Over the next few weeks, we’ll hear from seven women who, I hope, will help us see ourselves anew. Here they are, in alpha order by first name.

 

Alexis Chateau is from Jamaica and visited the US every year as she grew up. Then, two years ago, she decided it was time to see more of the world. She quit her corporate job in Jamaica, gave up her apartment, re-homed her pets, and packed her life into three suitcases. Atlanta, GA was one of the main stops on her trip, and now it’s her home.

She maintains an active blog at Alexis Chateau.com  and is the founder and managing partner of Alexis Chateau PR. When she isn’t whipping up witty social media posts and writing press releases, she’s on the hiking trail, getting lost in a book, or playing video games. Alex is proudly owned by Shadow the PR Cat.

I met Alexis through the confusion that WordPress has created with its two sites (.com and .org).  We liked each other’s websites and as I read some of her blog posts, I was certain she’d make an important contribution to this series. Next week, June 7, Alexis will join us to talk about “Living with Jamaican Values In America.

 

Alexis Chateau


 

Anna Coates lives in France currently, though she was born and raised in Soviet Latvia.  She writes fiction under the pseudonym Zenta Brice.  A journalist by profession, she is currently working on a memoir of life in her country during the years of Soviet collapse.

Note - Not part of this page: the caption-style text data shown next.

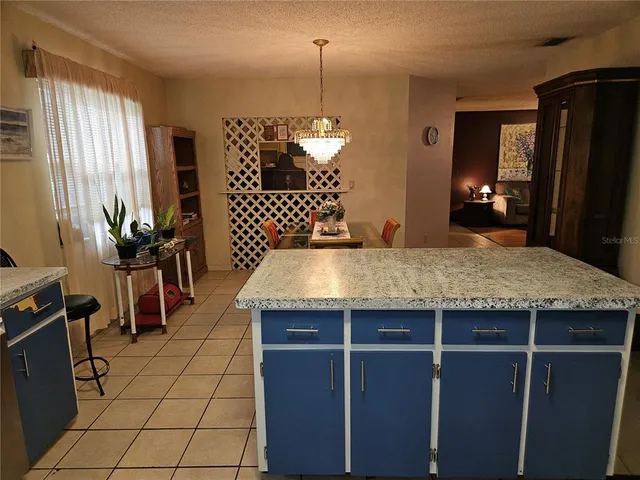 a kitchen with stainless steel appliances granite countertop a refrigerator a sink a stove a microwave and wooden cabinets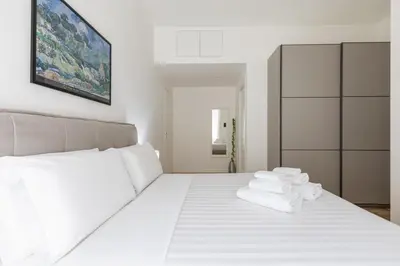 a bedroom with a white bed with towels on it at Hostly-The Montebello Suite-Near Trevi in Rome
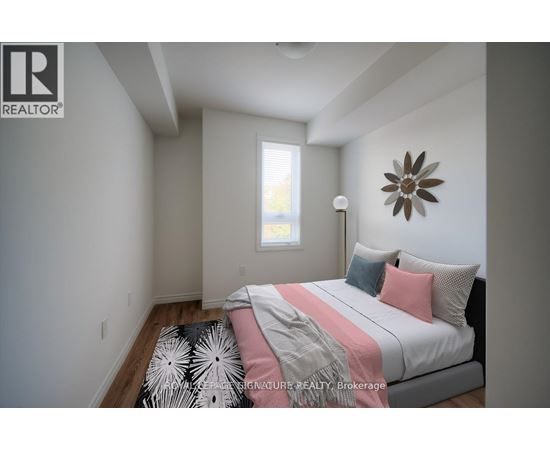 A bedroom with a bed, pillows, and a ceiling fan.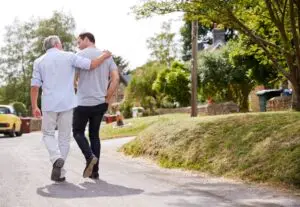 Father with adult son walking down a path discussing the future and how they can support one another.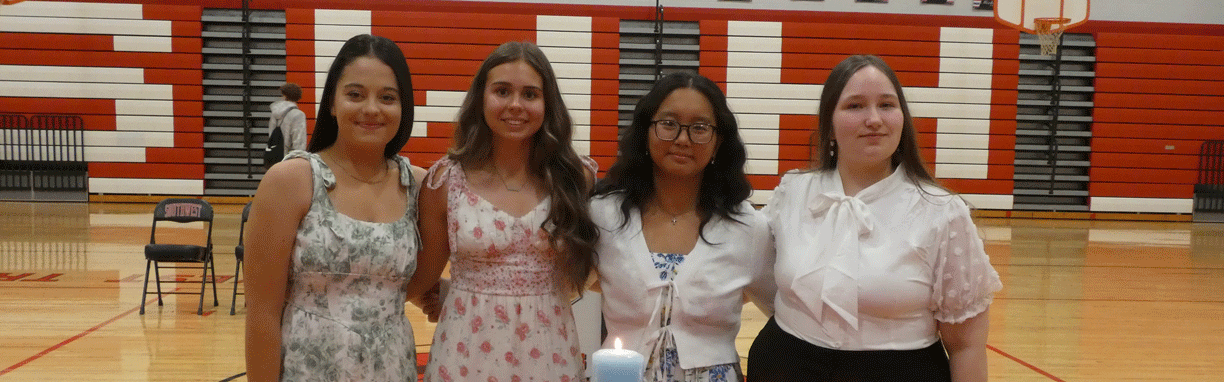 A horizontal group photograph of four young women standing side-by-side behind a candle-lighting display. They are posed in a school gymnasium for a National Honor Society (NHS) induction ceremony for 2026.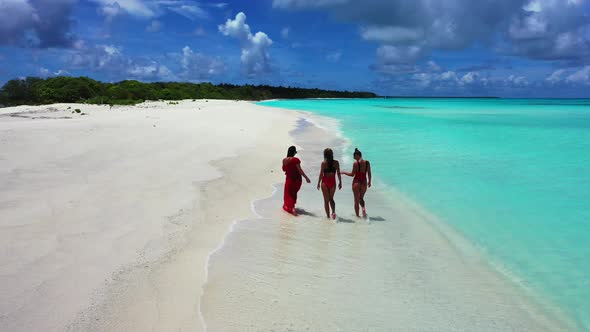 Beautiful fun women on vacation in the sun on the beach on sunny blue and white sand 4K background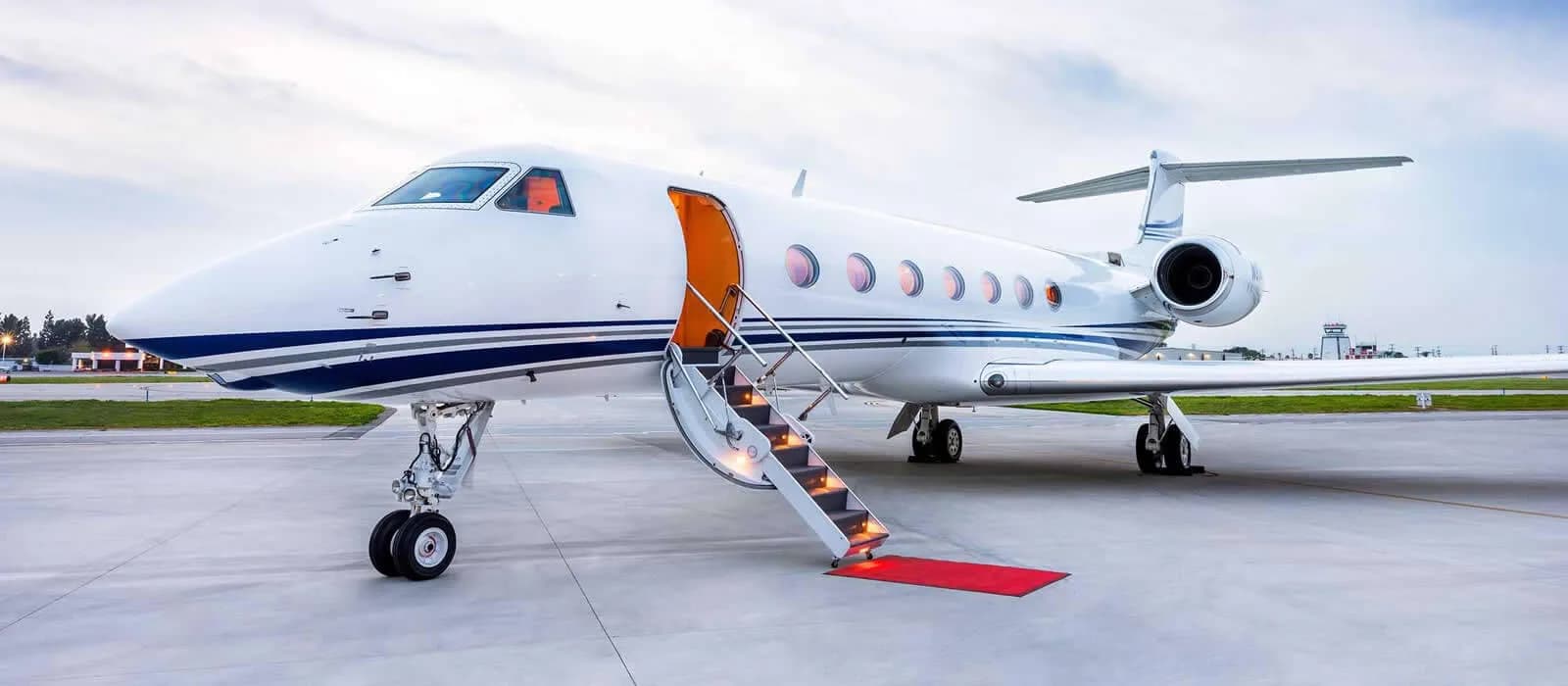 A white Gulfstream jet with an open door and stairs extended.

Anna and I met through the Facebook group, We Love Memoirs. An occasional commenter on my blog posts here, she has also given me the chance to read her work in progress, a memoir of a time in her life that also holds great interest for me. On June 28, Anna will write about “Toilets and Racism” and “Symbols and Smiles.”  

 

Anna Coates

 

 

Bertie Koelewijn grew up in the Netherlands and taught elementary school for 10 years before marrying an American and moving to the US when she was 30.  Upon arriving in the U.S., she (with her husband Greg Brown) renovated and ran a New Hampshire Country Inn for 10 years, substituted in the elementary school her children attended, and did volunteer work in her local church and town. Currently she runs a landlord business with her husband and teaches fiber arts workshops.  She now lives in St. Johnsbury, Vermont.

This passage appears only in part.